# Tuckerton N.J. swap Sunday May 24



## mike j (May 4, 2015)

Have been to this swap twice in the last two years, it's small but hasn't been disappointing. Picked up some nice stuff at reasonable prices. Village Bike Shop, 213 E. Main St.(Rt.9) Tuckerton,N.J. Matt, who works there, is a Caber.


----------



## cheeseroc (May 4, 2015)

mike j said:


> Have been to this swap twice in the last two years, it's small but hasn't been disappointing. Picked up some nice stuff at reasonable prices. Village Bike Shop, 213 E. Main St.(Rt.9) Tuckerton,N.J. Matt, who works there, is a Caber.




I might check that out.  I grew up spending my summers in Tuckerton.  Is The Pinecone still there?


----------



## nj_shore (May 5, 2015)

I went last year for the first time.  The whole lot was filled.  I got there a little late (8am) and Lou had to make some room for me.  I ended up selling 3 bikes which made my day.  I was walking out of the shop with a stingray after the "Show" and sold it as I was walking to my car.  I was surprised how much money was walking around.  The owner, Lou, is a really nice guy.  

((Check it out Cheese, sorry I sold that silver king a few weeks ago))


----------



## bikiba (May 5, 2015)

this is a nice swap


----------



## nj_shore (May 21, 2015)

Date changed to June 6th.  Got the email today, talk about tight timing.  I was siked for this weekend...........................


----------



## catfish (May 21, 2015)

nj_shore said:


> Date changed to June 6th.  Got the email today, talk about tight timing.  I was siked for this weekend...........................




Thanks for the heads up on the date change. It would have sucked to drive down and find out when I got there.


----------



## THEGOLDENGREEK (May 21, 2015)

Not to put this show down, but the last 2 shows i went to there were not so good at all. But as it goes with any show you never know what or who will show up!!


----------



## Dangerwagon (May 22, 2015)

nj_shore said:


> Date changed to June 6th.  Got the email today, talk about tight timing.  I was siked for this weekend...........................

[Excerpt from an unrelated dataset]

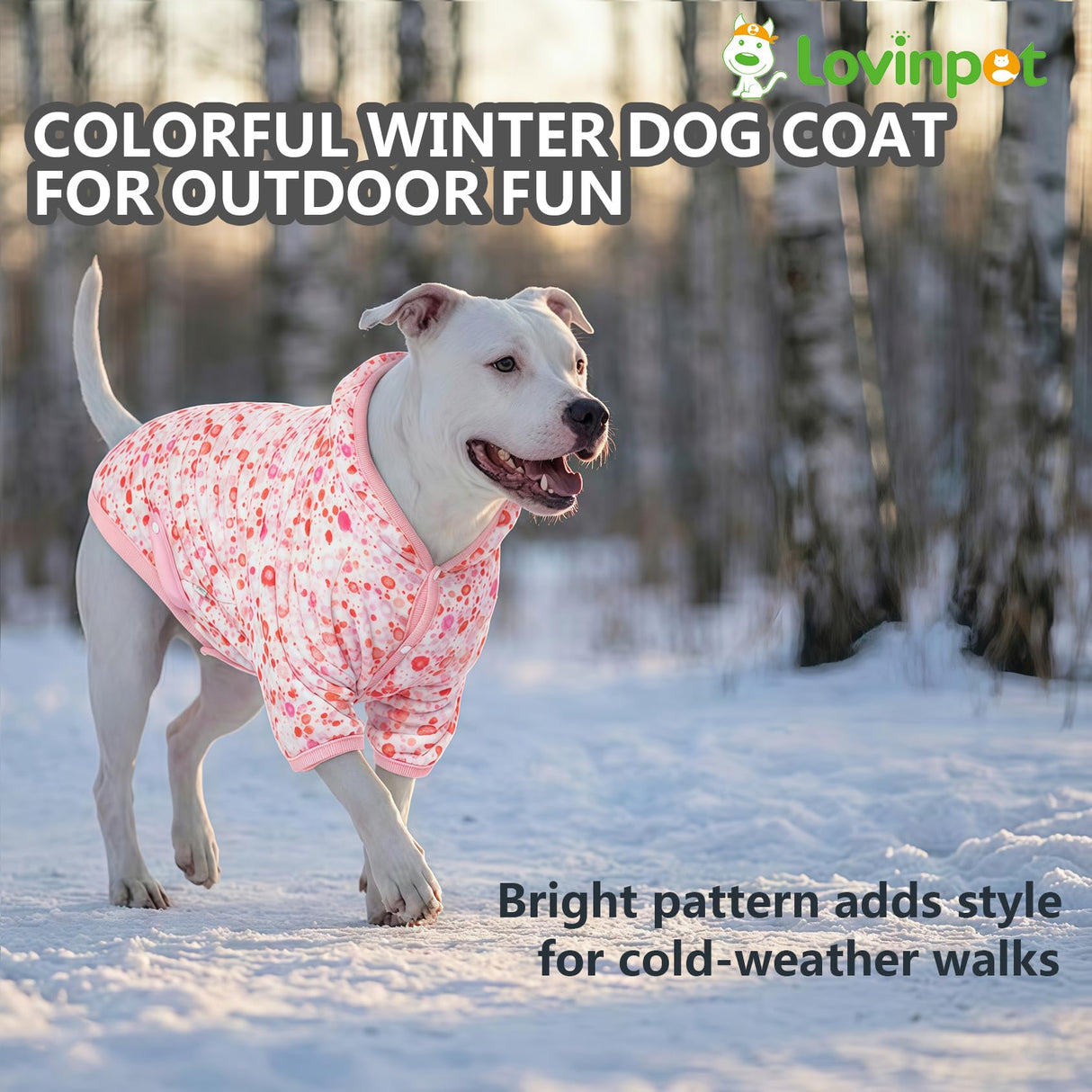 LovinPet Warm Dog Sweater, Flannel Sweater for Large Dogs, Warm Winter Clothes with Front Sleeves, Soft Onesie Pajamas for Short-Hair Breeds, Small Dots Light Pink Prints, L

Village Bicycles' website lists "Sunday June 7" as new date for swap.


----------



## bikejunk (Jun 5, 2015)

so it is Sunday the 7th of June then ? I will be their


----------



## bikiba (Jun 6, 2015)

bikejunk said:


> so it is Sunday the 7th of June then ? I will be their




im going to prob go as well. been to 3 of them and they seem to be improving


----------